BEGIN
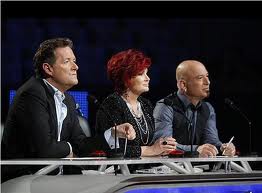 Where am I in this panel of judges? I should be there instead of germ-o-phobe bald guy. 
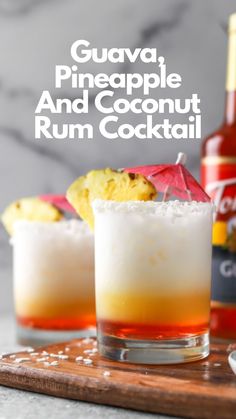 two glasses filled with rum, pineapple and coconut rum cocktail on a cutting board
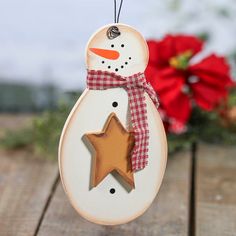 a wooden snowman ornament with a star hanging from it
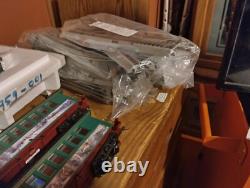 Ensemble de train de Noël : locomotive, 9 voitures, 4 rails droits, 2 aiguillages, 22 courbes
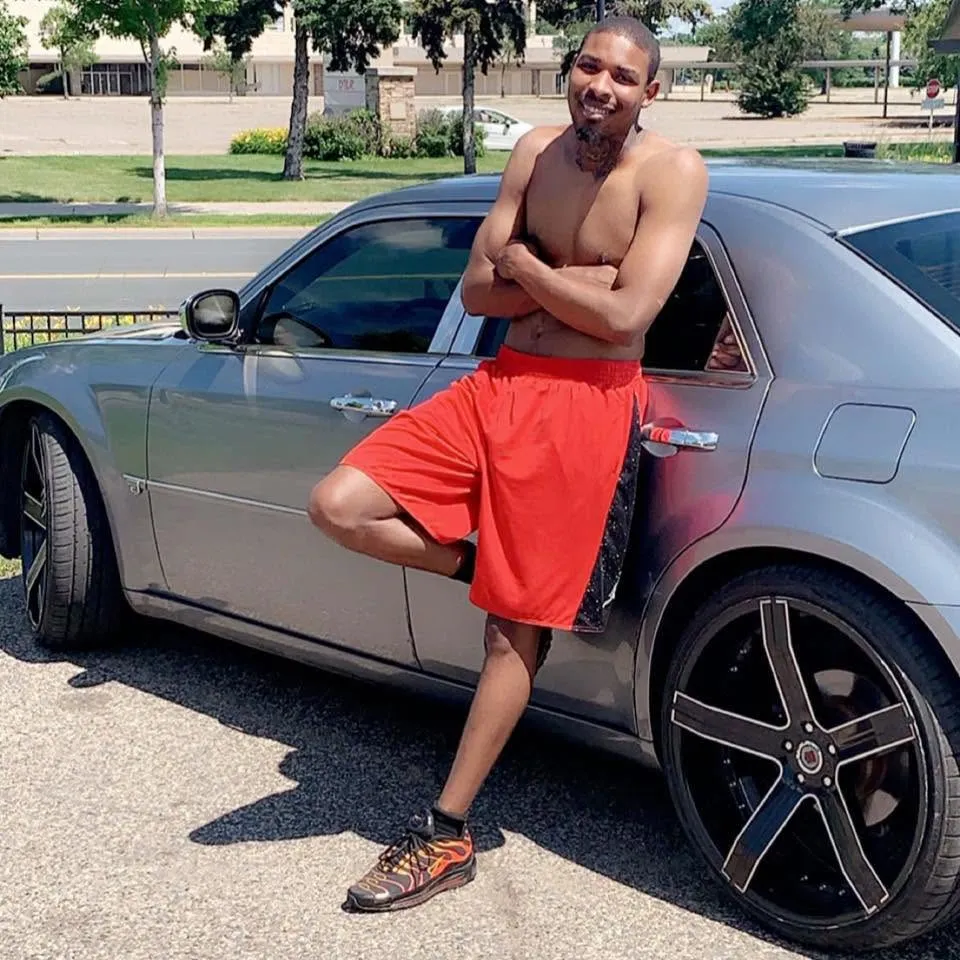 Carlton Johnson, Minneapolis shooting suspect, posing by a gray car.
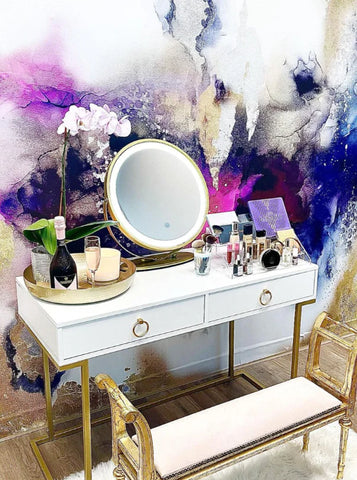 Teen bedroom with makeup table, gold and white desk and an abstract wallpaper mural. Abstract wallpaper mural is full of purples, grays and gold tones.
END
(Problem requirements):
In the listing above, retype exactly, and only, the lines from the one containing "Carlton Johnson, Minneapolis" through the last line, both included. Omit the pictures.

(Output below):
 Carlton Johnson, Minneapolis shooting suspect, posing by a gray car.
 Teen bedroom with makeup table, gold and white desk and an abstract wallpaper mural. Abstract wallpaper mural is full of purples, grays and gold tones.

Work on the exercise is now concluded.